Posts tagged Fables.

Fantastic Fables
Ambrose Bierce. New York, 1899.

8vo, original cloth lettered and elaborately decorated in red, blue, black and gilt, occasional soiling to covers, spine a bit darkened; ownership inscription; Otis Skinner bookplate laid in. first edition, first issue with four pages of advertisements at end headed “By Anna Fuller” and one-page advertisement for Bierce’s works facing title.

The Pied Piper of Hamelin
Robert Browning. London, George G. Harrap, 1934.
Illustrated by Arthur Rackham.

45 pp. 4 color plates by Rackham. (8vo) 9¼x6, original limp vellum lettered in gilt, slipcase. No. 131 of 400 copies. First Edition.

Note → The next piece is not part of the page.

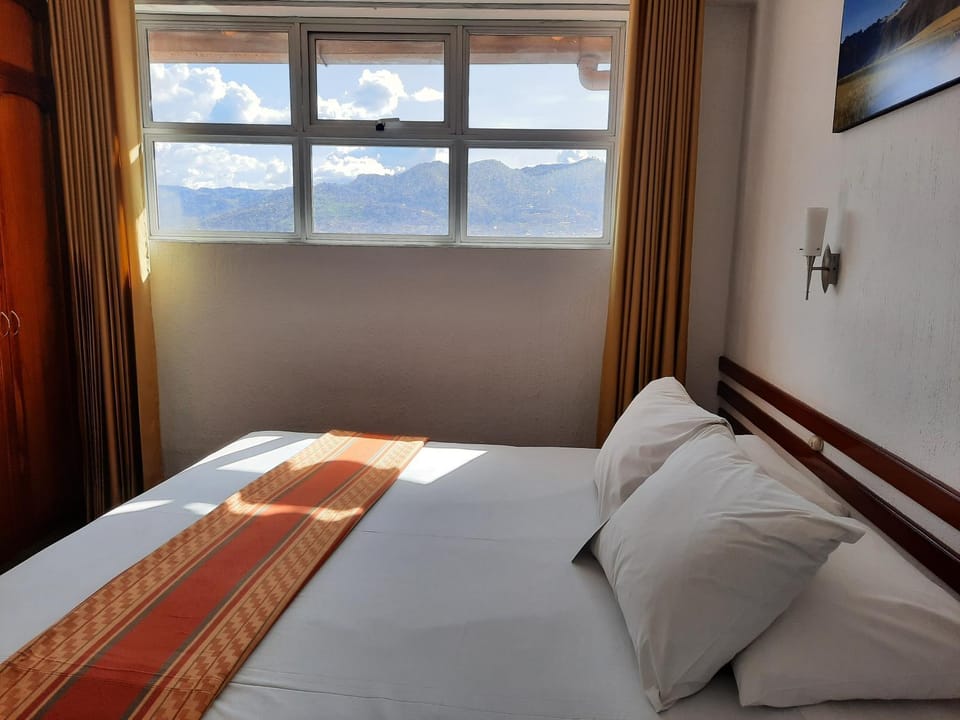 Photo of the whole room, City view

Signed by Rackham at limitation statement. Latimore & Haskell p. 71.

Aesop
Vita Et Fabellae, Cum Latina Interpretatione. Basel: Johann Froben, January 1518

5 parts in one volume, 8vo (176 x 119mm.), Greek text with Latin translation on facing pages except for Galeomyomachia in Greek only, titles within woodcut ornamental borders, woodcut printer’s device at end of each part, manuscript annotations on free endpapers, seventeenth-century calf, early manuscript fragments used as pastedowns, some browning, wormholes at edges of title and first few leaves, tear to foot of title, ownership inscription at foot of title erased, rebacked.

An Intire New and Beautiful Edition of Aesop’s Fables, with Instructive Morals adapted to the Capacities of Children.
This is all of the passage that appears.